Hablar del Ballet Nacional de Cuba nos evoca tiempos en que, bajo el empuje de la gran Alicia Alonso a finales de los años 40, la compañía suponía en sí una garantía de belleza y buen hacer. Aquellos tiempos quedaron ya muy lejanos, y con ellos la estética de danza de que Alicia era partidaria. Además del correr de los años, se han dado muy especiales circunstancias en el ámbito político, económico y humanitario que no han puesto las cosas precisamente fáciles a los cubanos. Y en esas nos encontramos hoy, en una jornada que prometía ser feliz dentro de la programación del Palacio de la Sala Argenta (hubo lleno total, algo no tan frecuente como deseable), con una dirección renovada de la compañía, con Vingsey Valdés al frente, que no nos dejó el buen sabor de boca esperado.

El primer paso a dos ya nos indicó cómo habría de desarrollarse el resto de la noche.

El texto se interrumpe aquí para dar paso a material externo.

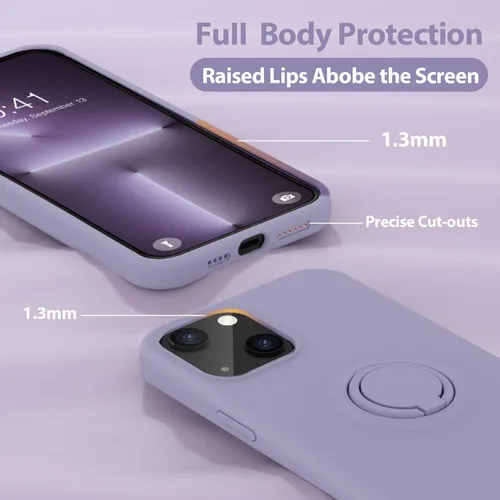 Vista 4 de MOCCA Funda compatible con iPhone 13 de 6.1 pulgadas con soporte de anillo Silicona líquida Forro de microfibra Funda protectora antiarañazos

No se trataba de un concepto desnudo en movimiento, vestuario (convencional) o escenografía (inexistente), sino de una ausencia de concepto, sin más. El programa se articuló en dos partes, una primera con tres parejas que ejecutaron distintos estados emocionales de Édith Piaf, con conocidas melodías de ésta y de Jacques Brel y Charles Dumont, en transcripción para piano de Natalia Chepurenko; una coreografía estrenada por el Royal Ballet de Flandes en 2011 e incorporada al Ballet Nacional de Cuba en 2019. Fue correcta pero no emocionante. A continuación, tres bonitos preludios de Rajmáninov para piano introdujeron una cierta variación visual (la barra de ejercicios como metadanza, no exenta de cierto carácter íntimo y especular), como presentación a la pieza final y supuestamente fuerte de esta parte, el Concerto DSCH, que refería obviamente a Shostakóvich y supuso la entrada en escena del cuerpo de baile; una entrada que no por esperada nos dio satisfacción, evidenciando descoordinación en una coreografía de vago retrogusto balanchiniano pero de riesgo y belleza muy justos.

Para la segunda parte del programa se reservó una pieza muy fuerte, apta para compañías muy experimentadas: la Séptima Sinfonía’de Beethoven, con coreografía más atrevida de Uwe Scholz, que deja en evidencia la voluntad de la compañía de emprender nuevos caminos estéticos. Al tratarse de una obra muy coral, con presencia casi constante de cuerpo de baile en escena, se exige una disciplina férrea que aquí no pudimos apreciar, antes bien, se percibieron reiteraciones ligeramente cansinas y movimientos caóticos en ciertas secciones que causaban desconcierto. No hablemos de la terrible escenografía que, carente de sentido y estética (dos cuñas laterales de colores ondulados, cuyo significado ignoramos), enmarcaba aquella fatigada y fatigosa dispersión.

Es posible que la Compañía Nacional de Cuba deba comenzar por escrutar el sentido de sus coreografías. La danza no es meramente bailar, es transmitir “algo” con el baile. Si no hay mensaje, no hay danza. Y en el mensaje, además, la forma tiene un peso fundamental, qué duda cabe. Esperemos que en próximas convocatorias estos conceptos se vean mejor desarrollados.